A cinque anni dalla mattanza del 28 agosto del 2006, scoperta nella villetta al 23 di via Zuaboni, la Corte di Cassazione accoglie la richiesta del pg e annulla la sentenza di secondo grado con la quale vennero condannati al massimo della pena i cugini siciliani Vito e Salvatore Marino.

La notizia arriva poco prima delle venti: dopo l’assoluzione con formula piena in primo grado il 27 settembre del 2008, la condanna in appello il 7 giugno del 2010, il nuovo ribaltone fa saltare per aria le tavole pronte per la cena. Tanto a Brescia, quanto a Trapani. Tutto da rifare.
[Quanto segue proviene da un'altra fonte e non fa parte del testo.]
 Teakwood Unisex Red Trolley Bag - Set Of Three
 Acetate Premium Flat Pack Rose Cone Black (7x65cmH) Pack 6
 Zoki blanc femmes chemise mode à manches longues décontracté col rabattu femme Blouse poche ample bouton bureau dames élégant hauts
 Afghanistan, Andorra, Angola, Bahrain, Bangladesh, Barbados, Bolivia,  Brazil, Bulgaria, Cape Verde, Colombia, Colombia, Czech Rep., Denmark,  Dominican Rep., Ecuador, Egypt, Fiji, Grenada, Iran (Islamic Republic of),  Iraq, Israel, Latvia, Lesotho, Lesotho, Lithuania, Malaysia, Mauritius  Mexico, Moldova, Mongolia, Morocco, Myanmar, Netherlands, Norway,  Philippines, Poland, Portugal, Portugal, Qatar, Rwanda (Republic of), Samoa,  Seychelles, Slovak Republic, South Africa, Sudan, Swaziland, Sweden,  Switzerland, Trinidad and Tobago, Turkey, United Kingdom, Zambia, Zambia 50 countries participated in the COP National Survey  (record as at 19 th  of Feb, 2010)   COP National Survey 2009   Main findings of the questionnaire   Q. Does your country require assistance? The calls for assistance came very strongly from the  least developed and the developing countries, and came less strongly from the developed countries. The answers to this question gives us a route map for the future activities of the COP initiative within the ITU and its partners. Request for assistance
Per decisione degli «ermellini» il processo d’appello bis non sarà celebrato a Brescia, ma prossimamente a Milano. Il perché è ancora da decifrare. In ogni caso all’appuntamento Vito e Salvatore Marino, che si sono sempre avvalsi della facoltà di non replicare alle accuse, si presenteranno liberi.
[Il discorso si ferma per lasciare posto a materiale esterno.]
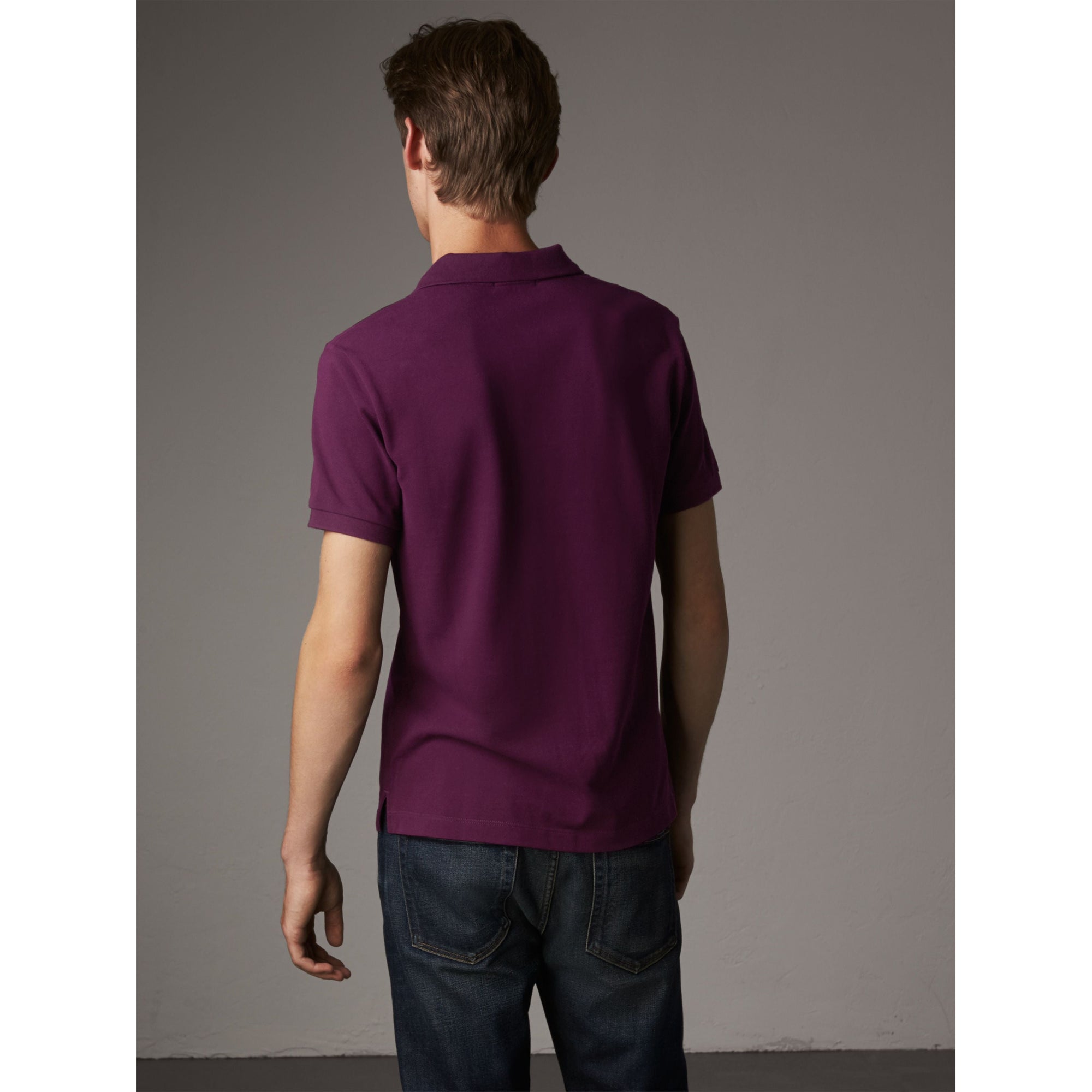 DEEP PURPLE AMETHYST Polo en piqué de coton avec patte à motif check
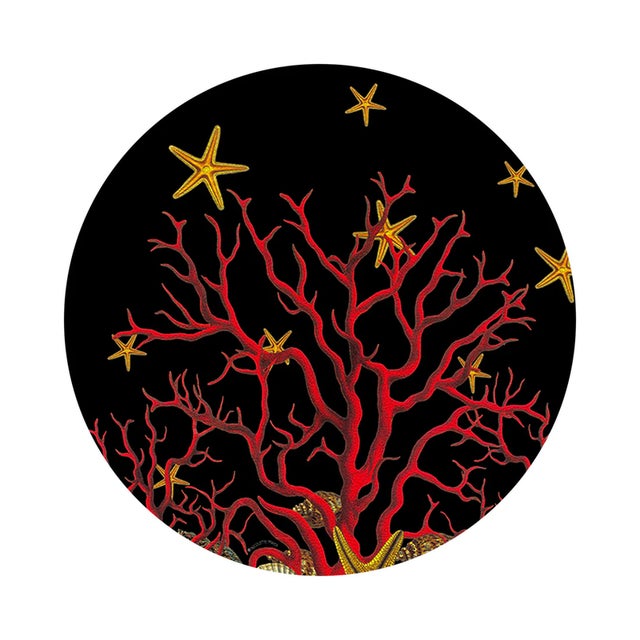 2020s Coral Reef Vegan Leather Round Pebble Placemat, Black, Set of 4 For Sale - Image 5 of 5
È la quarta volta in 5 anni che i cugini di Paceco, paese a pochi km da Trapani, attraversano la soglia del carcere; due in entrata, due in uscita. La prima nel settembre del 2006, quando la Squadra Mobile di Brescia andò prelevarli a casa. La seconda nel settembre del 2008, immediatamente dopo la sentenza di non colpevolezza pronunciata dal presidente della Corte d’assise Anna Di Martino.

La terza tra il gennaio e il giugno di quest’anno, quando Interpol e Polizia di Stato riuscirono a stroncare la loro latitanza, iniziata nel giugno del 2010 proprio nelle ore della pronuncia dell’ergastolo in appello. E la quarta, infine, in queste ore. Ad indicare i cugini siciliani quali autori del massacro fu Dino Grusovin, sedicente architetto triestino, raggiunto dagli inquirenti incrociando alcuni tabulati telefonici. Fu lui a dire cosa sarebbe accaduto quella mattina nella villetta di via Zuaboni.
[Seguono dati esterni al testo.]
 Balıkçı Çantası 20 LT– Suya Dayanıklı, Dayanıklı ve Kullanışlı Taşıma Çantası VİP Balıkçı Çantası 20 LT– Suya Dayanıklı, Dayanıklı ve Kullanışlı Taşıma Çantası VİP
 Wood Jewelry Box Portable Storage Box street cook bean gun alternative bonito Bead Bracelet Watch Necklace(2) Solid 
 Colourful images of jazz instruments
I Marino (difesi a processo dagli avv. Pesce e Palermo), secondo lui, quel lunedì si presentarono a casa di Angelo Cottarelli, con il quale erano in affari, per ottenere ragione di alcune operazioni. Con la pretesa di denaro. Tanto denaro. Secondo la ricostruzione dell’accusa il 56enne bresciano emetteva fatture gonfiate ai due imprenditori trapanesi per consentire loro di ottenere indebiti contributi regionali e comunitari.

A scatenare la rabbia dei Marino alcuni protesti e il conseguente rischio di essere scoperti con le mani nella truffa. Di qui la necessità di un «chiarimento» che Grusovin, affermando di essere stato presente, ma legato al tavolo della cucina, disse di non essere riuscito ad impedire.

Nelle sue parole - per alcuni giudici credibili, per altri calunniose - il racconto dei minuti del massacro, il rumore dei proiettili che colpiscono in testa Angelo Cottarelli, Marzenna e Luca, e l’abbagliare letale della lama che li sgozza lasciandoli in un lago di sangue: una mattanza che, a cinque anni di distanza, è di nuovo senza firma.